Le problème pourtant
présente une acuité certaine et la nécessité d’une explication théorique se
fait toujours sentir pour saisir le sens des différences de niveaux de vie
observées. Alors que, durant plus d’un demi-siècle, le changement social a
progressé à grands pas de par le monde, on peut compter sur les doigts le
nombre de pays qui ont réalisé une mutation significative. A la réflexion, il
me parait important de reprendre la question posée par les grands penseurs du
XIX ème siècle et par nombre historiens contemporains :
pourquoi – excepté le cas remarquable du Japon – la révolution industrielle
ainsi que l’ordre social et culturel qui l’a accompagné ont dû surgir en
Europe du nord-ouest, à une époque donnée et pas ailleurs ni à une autre
époque ? Comment se fait-il que le monde islamique, l’Inde et la Chine qui, dans le passé,
étaient à beaucoup d’égards en avance sur l’Europe n’aient pas eu inventer et
promouvoir ce type nouveau de société ?
En 1930, Chakib Arsalane
relançait une question qui ne cessait de tourmenter la pensée islamique :
« pourquoi les Musulmans sont-ils en retard et pourquoi d’autres
sont-ils en avance ? » (traduction littérale de l’arabe). On
notera au passage que c’est dans cette perspective générale que se situe
l’analyse pénétrante d’Ibn Khaldoun (Al mouqaddima).
Des questions d’historien
certes mais il est souhaitable que des éléments de réponse puissent y être apportés
par l’économiste. Sans doute tiennent-elles pour valable au départ la notion de
progrès et donnent un caractère idéal au prototype européen de la
société industrielle. Mais si, comme il convient de le faire, on s’abstient de
souscrire à la théorie de l’évolution unilinéaire des formations sociales,
l’histoire peut être considérée comme un mouvement vers plus de bien-être
et de prospérité, un mouvement continuel que les peuples divers mettent plus ou
moins activement en œuvre.
Progrès, bien-être :
des mots dont il importe de bien saisir le sens relatif. D’où la nécessité de
circonscrire la notion de développement – une entité plus aisément
sentie que définie – de la démêler (pour ne pas la confondre avec celle de
croissance), de la libérer de sa lourde chape d’occidentalo-centrisme et de
pharisaïsme.
Les entraves souterraines
Les nations nanties
doivent-elles leur avance essentiellement au pillage de leurs colonies et à la
rapine effrénée qui l’a suivi ? Inversement, l’infortune des pays
décolonisés s’explique-t-elle seulement par les sujétions passées ? S’agit-il
d’un « retard » (conférence de Bandung en 1955) ? Est-ce une
affaire de PNB ou de PIB ? Répondre n’est assurément pas facile. Néanmoins
il est des faits qui ne doivent pas laisser indifférent : des pays comme la Suisse , l’Autriche, la Suède , la Norvège et le Danemark
n’ont jamais eu de colonies ; tandis que d’autres tels l’Ethiopie, le
Népal, l’Afghanistan et le Tibet n’ont pas (ou pratiquement pas) été colonisés.

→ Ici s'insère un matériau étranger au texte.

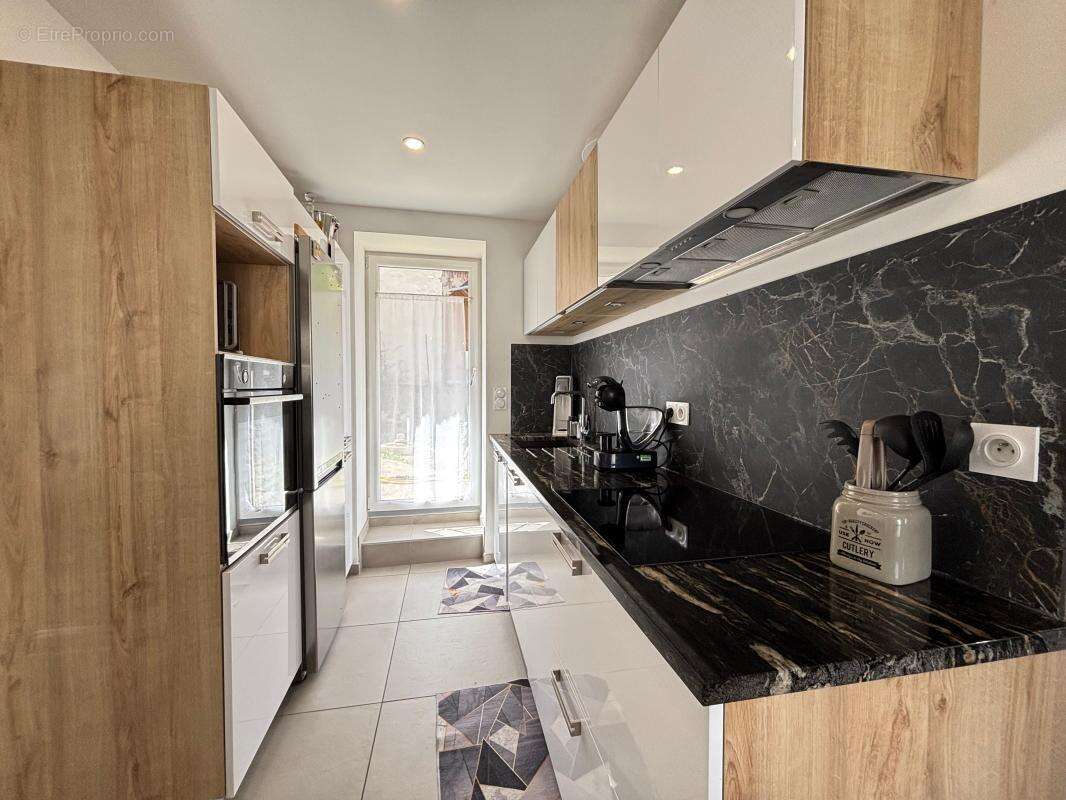 Maison à SAINT-LAURENT-DU-PONT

L'expansion coloniale a même été préjudiciable à l’Espagne et au Portugal…
C’est souligner combien cette expansion et les transferts de richesse qui l’ont accompagnée ne suffisent pas à engendrer la prospérité et soutenir un processus réussi. C’est un truisme de dire que c’est leur avance technologique, économique et sociale qui a permis aux pays impérialistes de soumettre par les armes des contrées entières et de se rendre maîtres de leurs richesses. En outre, il fallait une certaine capacité d’action interne pour que les transferts de richesses tournent à l’avantage des pays conquérants. Le processus de modernisation et l’accroissement du bien-être matériel au sein de ces pays sont dus, sans doute, moins à la mise en valeur des colonies qu’à l’existence de qualités intrinsèques, de vertus sociales génératrices de progrès. De telles prédispositions ont vraisemblablement fait défaut en Espagne et au Portugal (pays qui ont connu une évolution tardive). C. Rangel a dès lors raison lorsqu’il note que les conquêtes coloniales « profitèrent à l’Occident ou en tout cas le dynamisèrent, mais uniquement parce que celui-ci regorgeait déjà d’une énergie et d’une faculté créatrice qui auraient, de toute façon, suivi leurs cours ». (1)
Qu’en est-il maintenant
des « pays du Sud » ? (2) Quelles sont les raisons
profondes de leur inhibition et leur léthargie chroniques ? Il est
primordial de bien comprendre pourquoi dans ces pays les dysfonctionnements ne
sont pas solutionnés et ont même une fâcheuse tendance à se répéter et
s’accumuler.
L’observateur le plus
optimiste en vient à se demander si le sous-développement, en fin de compte,
n’est pas un état chronique… et la tentation demeure grande de conclure qu’il
n’y a peut-être « rien à faire ». Quant à l’analyse économique
conventionnelle, elle se révèle inopérante – et pour cause – dès lors que l’on
s’éloigne des phénomènes d’ordre strictement économique, plus ou moins
comptabilisables (PNB, PIB, dette). Il est alors vain d’en attendre des
réponses à des questions longtemps hors de sa portée ou dont l’envergure est en
règle générale sous-estimée.
Tout bien considéré – si
l’on met de côté l’hypothèque impérialiste (3) et les diverses formes d’apathie
politique – l’obstacle névralgique au processus de changement économique ne nicherait-il
pas dans les pesanteurs culturelles ? Les vertus sociales, l’esprit
positif sont l’un des fondements principaux de la société moderne. Mais peut-on
les considérer comme l’équivalent dans l’ordre culturel de la rationalité dans
l’ordre économique ?...
Ici, on se heurte à une
objection persistance, à savoir qu’il n’appartient pas à l’économique de rendre
compte des comportements humains et des spécificités culturelles, qu’il ne lui
appartient d’étudier que les mécanismes et les faits « objectifs ».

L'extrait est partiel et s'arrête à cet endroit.